We who have received the Lord as Savior have come to this knowledge of ourselves at least once in our lives. There came a day when we despaired of saving ourselves, and instead of clinging to our righteousness, we confessed our sins and admitted our need for a Savior. At that moment, Christ accepted us as His disciples. Confessing our sinfulness did not hinder us from entering the Kingdom; on the contrary, it opened the door for us to go in. The self-righteous, on the other hand, are disqualified by their own good works. How differently the Lord judges things.

Knowing Christ, Knowing Self

When we are new disciples we have truly entered the Narrow Gate but there is still much we do not know and there is still much we need to learn. We know very little about Jesus, and we know very little about ourselves. And so, the Lord begins to lead us along the Narrow Path. He primarily wants to show us two things: who we are, and Who He is. These go hand-in-hand. Self-knowledge is just as important as Christ-knowledge. The revelation of Christ begins when God opens our eyes to know Jesus. The revelation of Self begins when God opens our eyes to know ourselves. When we see the insufficiency of Self and the sufficiency of Christ we will naturally despair of ourselves and look away to Jesus. On the other hand, if we do not see ourselves correctly, we will invariably imagine ourselves to be quite a bit better than we really are. We will mistake fleshly strength for spiritual strength. We will confess with our mouth that we cannot do anything apart from Jesus, but in actual practice we will take it upon ourselves to perform many works. In time all of these works become nothing. We will fail hundreds or thousands of times until we learn the lesson – if it comes from me, if it comes from my flesh, it is no good.

Before he saw the Lord, Paul was self-confident and dangerous. Those who trust in themselves have neither seen themselves nor seen the Lord. I am afraid that many people have the idea that Jesus came only to lend them a hand and help them feel more successful and fulfilled. Today the most popular Christian books tell us how to have a better life, how to prosper, how to be a “winner”, how to improve our circumstances, and how to think nice, positive, encouraging thoughts about ourselves. The focus appears to be on making life here on earth more enjoyable and making believers more self-reliant and self-confident. This may not be the stated intention but it is the inevitable result – and if a few Scriptures can be used in the process, so much the better. It would be a mistake to equate holiness with misery and drudgery; but it is an even greater mistake to tell someone how wonderful they are until they have first despaired of themselves and learned the lesson that Paul learned: “In me (that is, in my flesh,) dwells no good thing.”
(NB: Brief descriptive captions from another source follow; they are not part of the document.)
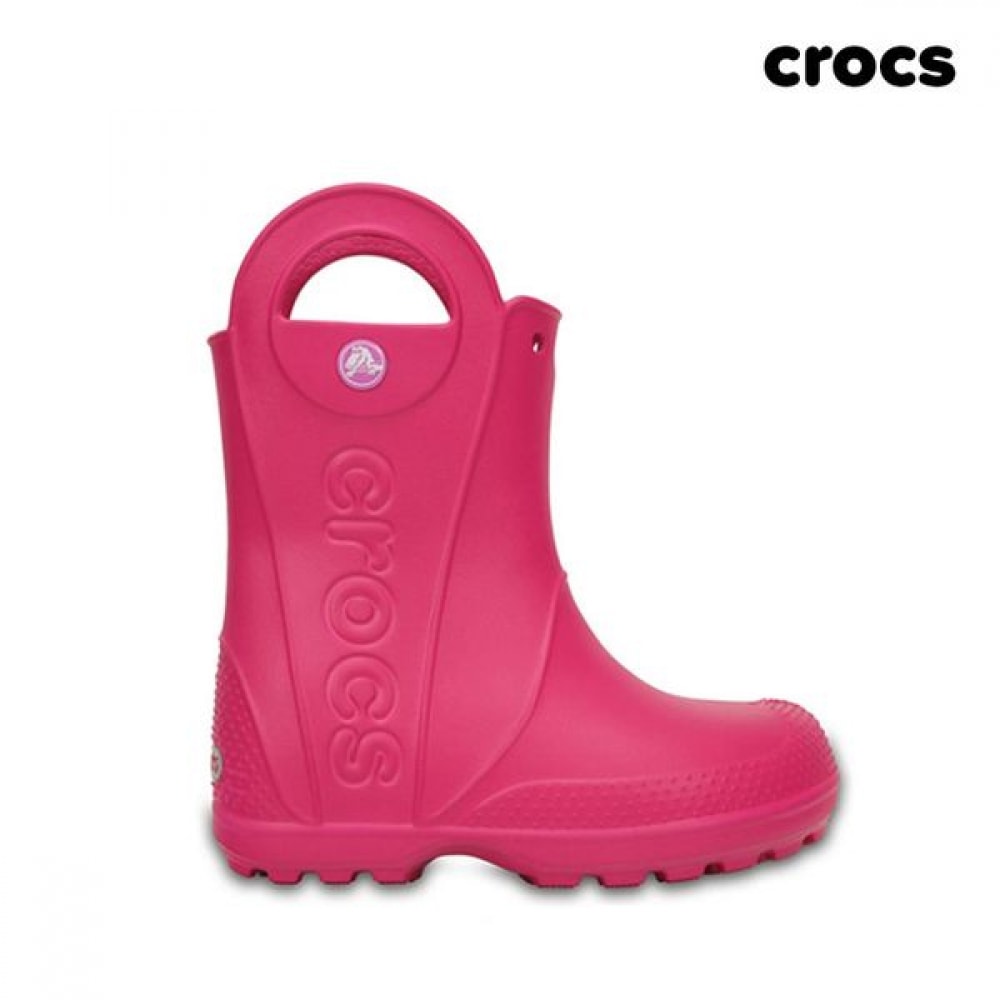 [クロックスシューズ] クロックスハンドル付きレインブーツキッズブーツ (12803-6X0) 8,356円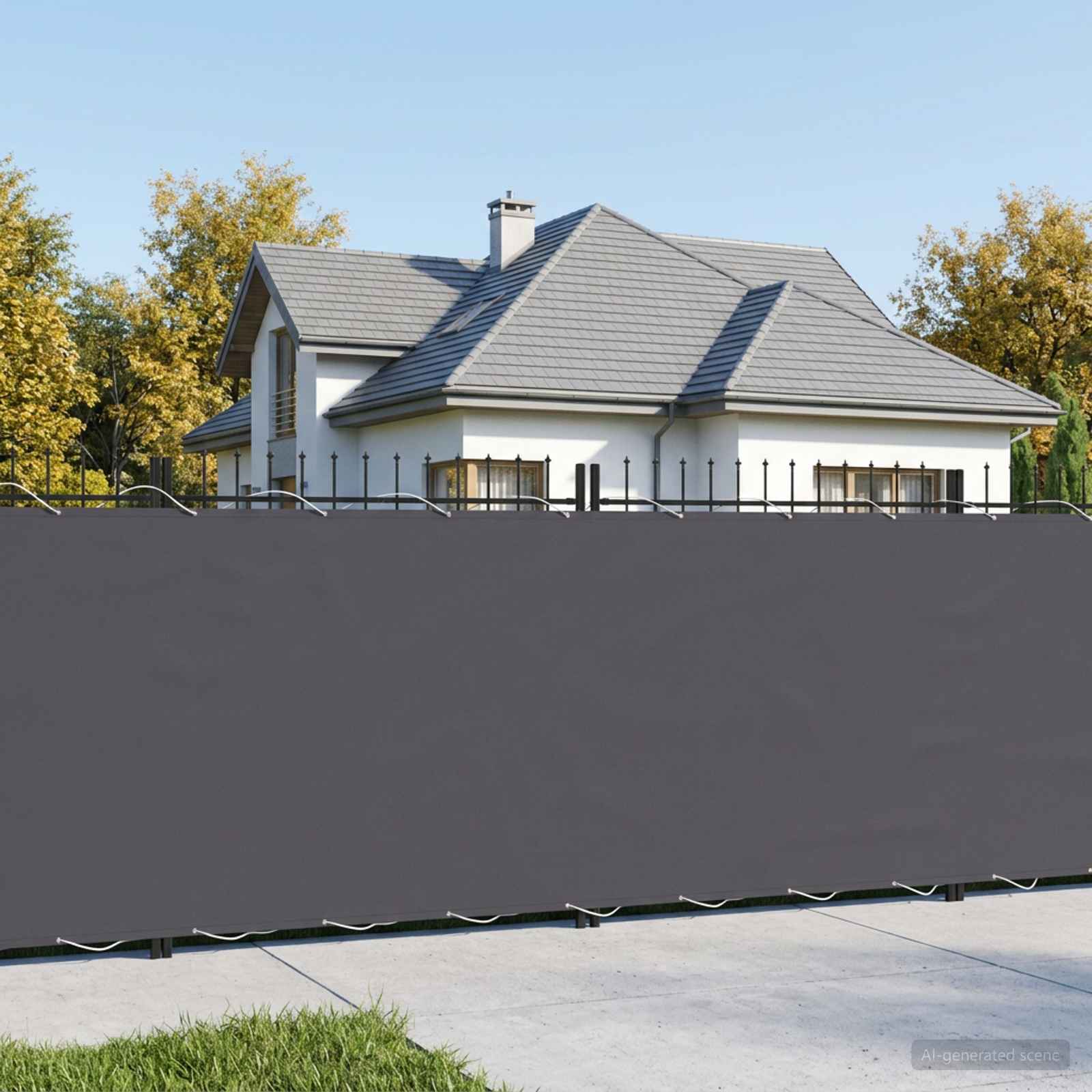 Balkon Sichtschutz 150 x 700 cm Stoff mit PU-Beschichtung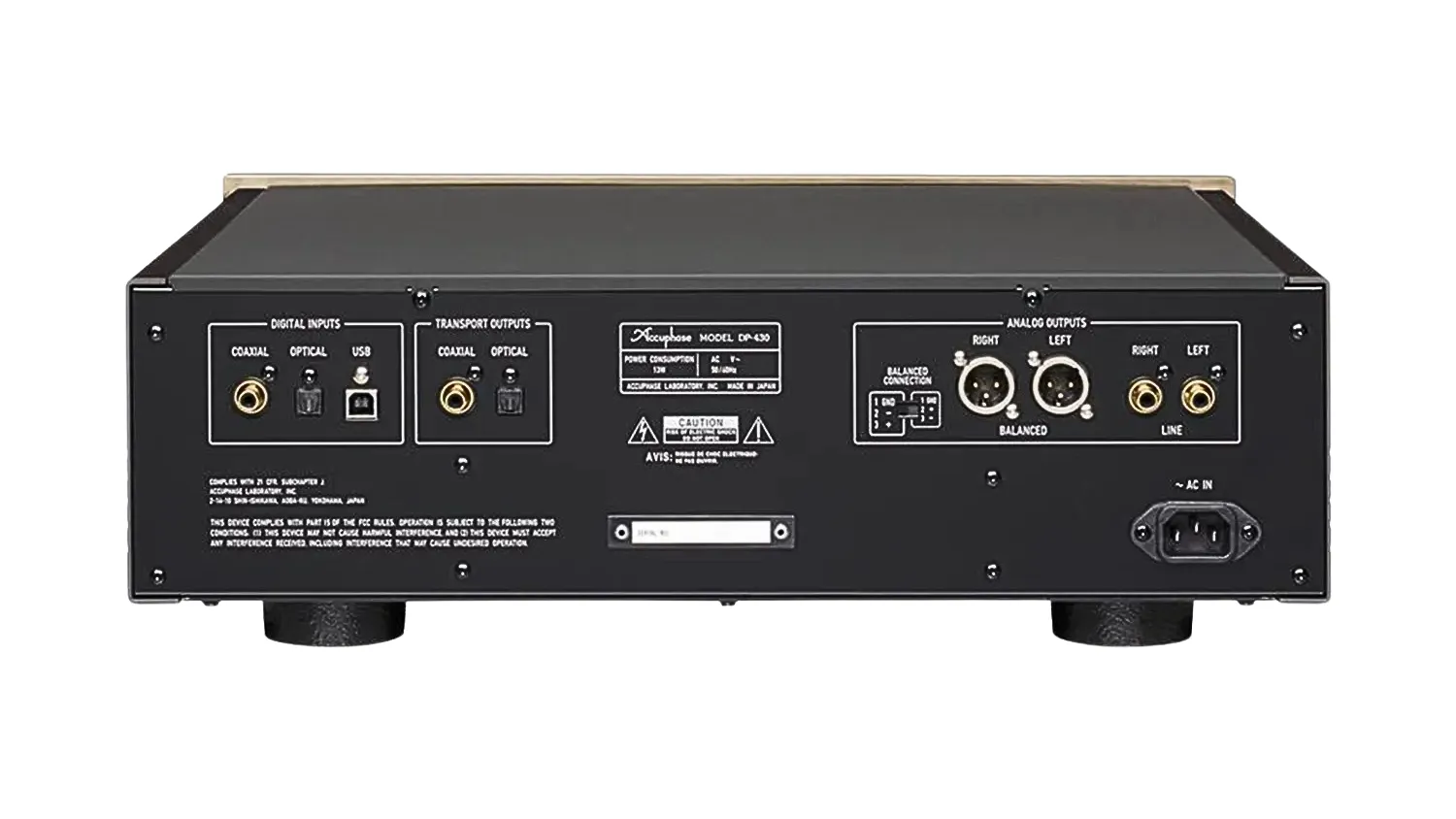 Mặt sau của Đầu CD Accuphase DP430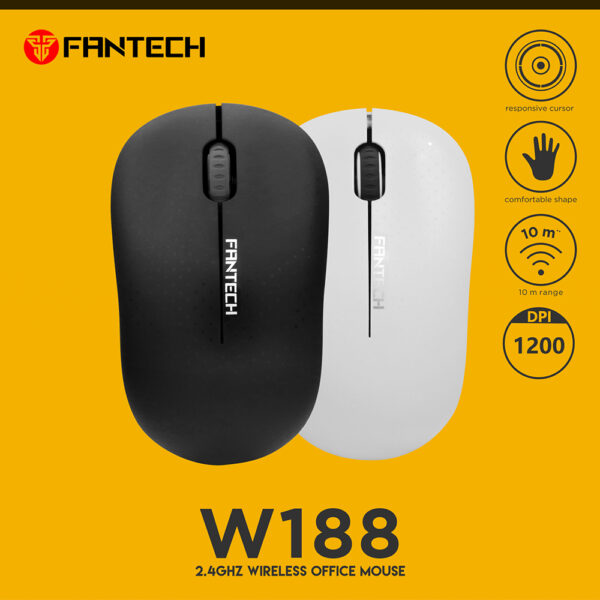 Fantech W188 Mouse 2.4ghz Wireless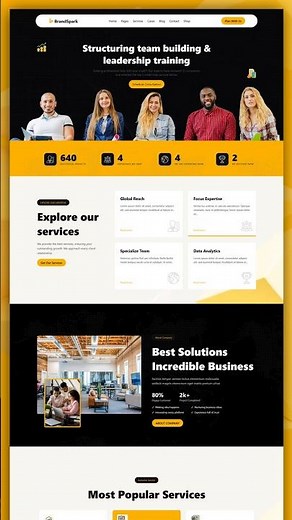 Business Consulting Website Design | Full Responsive Website (HTML CSS JS) |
Positive thinking is appropriate so long as I am living according to the Truth, but if I am unsurrendered to Jesus and living life according to my terms then I am in no position to think about myself in a positive light: I am positively deceived. We do not need Self-Esteem, we need Christ-Esteem. The more we see of Jesus the less we will trust in ourselves. That is why, once Paul learned his lesson, he wrote, “We have no confidence in the flesh” (Philippians 3:3b). He then goes on to list quite a number of things that seem important in terms of religion, status, social order, education, and good works – all the things that tend to make one self-confident and self-righteous. With one grand stroke, Paul says, “Yet, I count them all as dung, that I may win Christ.” He simply discards what some people spend a lifetime trying to achieve. Here is a man who knows the sufficiency of God as well as the insufficiency of himself.

“That is fine for new believers,” someone will say. “But I have been a Christian for many years now. I have a good relationship with God, I have had many spiritual experiences and have made great progress. This message is good for younger, less mature believers, but it does not apply to me.” On the contrary, to lose all confidence in myself is the mark of spiritual maturity. Real spiritual growth is evidence by increased confidence in Christ and a decreased confidence in myself. “He must increase, but I must decrease” (John 3:30). You never outgrow these spiritual laws. Anyone who thinks they do not need to hear it again did not really hear it the first time.

The Example of Joseph

We have a fine example of this in the life of Joseph. When Joseph was younger he realized that God had appointed him for a special purpose. God confirmed this special calling by giving Joseph prophetic dreams about his future. Joseph should have treasured these things in his heart and quietly waited for God to bring about His Will. But being young and full of self-confidence, Joseph could not resist sharing these dreams with his father and brothers. As a result, his brothers became jealous and almost killed him. Joseph was sold into slavery and spent many years in prison. It appeared as though his dreams would not come true. Yet God was using all these circumstances to teach Joseph to have no confidence in the flesh.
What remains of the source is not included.